La vita dello studente universitario dopo aver finito gli esami

La vita dello studente universitario dopo aver finito gli esami

Quattro parole. Sedici lettere. Un senso di liberazione che non può competere nemmeno col sollievo regalato da un reggiseno appena slacciato dopo una lunga e faticosa giornata trascorsa fuori casa. La fine degli esami è tutto questo e molto di più.

Per un anno intero abbiamo sopportato la clausura a cui ci hanno costretto la sessione invernale ed estiva. Abbiamo sofferto in silenzio di fronte alle foto che testimoniavano quanto fosse intensa e interessante la vita sociale del popolo di Facebook. Ci siamo svegliati alle sei del mattino per andare all’università, meritandoci una medaglia al valore per il solo fatto di essere sopravvissuti ai mezzi pubblici e ai bagni dell’ ateneo.

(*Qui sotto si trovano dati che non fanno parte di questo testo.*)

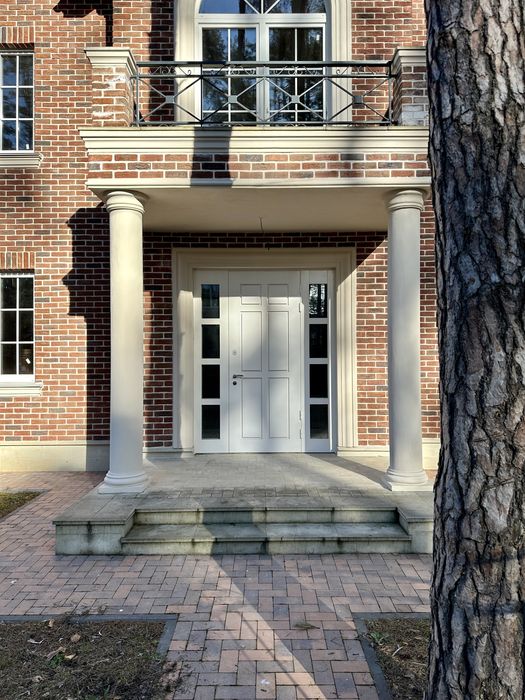 Купити будинок у лісовій Бучі у котеджному містечку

Abbiamo maledetto i professori che non si sono presentati a lezione. Ci siamo accontentati di un misero pranzo durante il tirocinio. Abbiamo combattuto contro l’ ansia, lo stress, il nervosismo e la depressione. Ed ora che abbiamo finalmente finito sembriamo Bellatrix appena evasa da Azkaban. Arrivati a questo punto, vediamo qual è il modo migliore per recuperare un anno intero trascorso sui libri:

  • Studentessa in crisi dopo gli esami Svegliarsi a mezzogiorno: dormire come se non ci fosse un domani. Esiste forse un’ attività più gratificante? Nessuna sveglia che suona ad orari improponibili per ricordarci che ci attende una giornata altrettanto improponibile, in cui saremo sommersi da libri, schemi e riassunti. È il classico risveglio da film americano: dagli spiragli della persiana filtra un raggio di sole che si posa delicatamente sul viso del protagonista; lui apre gli occhi, si stiracchia, e si prende tutto il tempo che vuole prima di alzarsi dal letto ed affrontare una giornata che non prevede il minimo stress.
  • Rilassarsi: fare qualsiasi cosa con la massima calma: gustarsi la colazione, riposarsi dopo pranzo, fare una passeggiata col cane prima di cena. Sostanzialmente, vivere una vita normale, a cui l’ università fa disabituare. Che soddisfazione poter passare davanti ai libri, fissarli, ed apostrofarli con insulti random per sfogare la frustrazione che abbiamo covato dentro di noi per un anno intero!
  • Riprendere i contatti col mondo e recuperare il tempo trascorso a studiare: torniamo ad avere una vita sociale, a rivolgere la parola ad altri esseri viventi che non siano nostra madre o il nostro animale domestico. I primi tempi gli amici ci guarderanno increduli, come se quello che vedono è in realtà il nostro ologramma, ma poi torneranno a considerarci dei normali esseri umani, fatti di carne e sangue, e nessuno si stupirà più quando alla domanda “Stasera ci sei?” risponderemo affermativamente.
  • Andare in spiaggia: prendiamoci un momento per pensare all’ istante in cui abbiamo provato nuovamente la sensazione della sabbia sotto i piedi dopo un’ astinenza durata un anno. Abbiamo immaginato la scena fin nei minimi dettagli, ed ora che finalmente è tutto reale non ci sembra comunque vero. Quaranta gradi all’ ombra, l’ acqua torbida, la sabbia che scotta, i bambini che urlano, le persone che passeggiano e sporcano gli asciugamani… Sicuramente non è il top della vita, ma a noi studenti universitari basta veramente poco per essere felici e sentirci in pace col modo.
  • Mettersi in pari con le serie tv: erano state il diavolo tentatore, il principale distrattore durante le sessioni d’ esame. Adesso però non abbiamo più scadenze da rispettare e possiamo finalmente evitare di mentire a noi stessi, ripetendoci per due/tre volte consecutive “Giuro che questo è l’ ultimo episodio!”. Serie tv + condizionatore in camera=binomio perfetto.
  • Leggere libri che non siano testi universitari: messi da parte i manuali, possiamo finalmente dedicarci al libro che vogliamo, quello che per tutto l’ inverno ci ha fissato con malinconia dallo scaffale su cui l’ avevamo riposto, in attesa di ricevere tutta la nostra attenzione. Leggere sotto l’ ombrellone senza nessuno che ci interrompe? La pace dei sensi.

Keep calm & do whatever you want: we are on holiday, finally!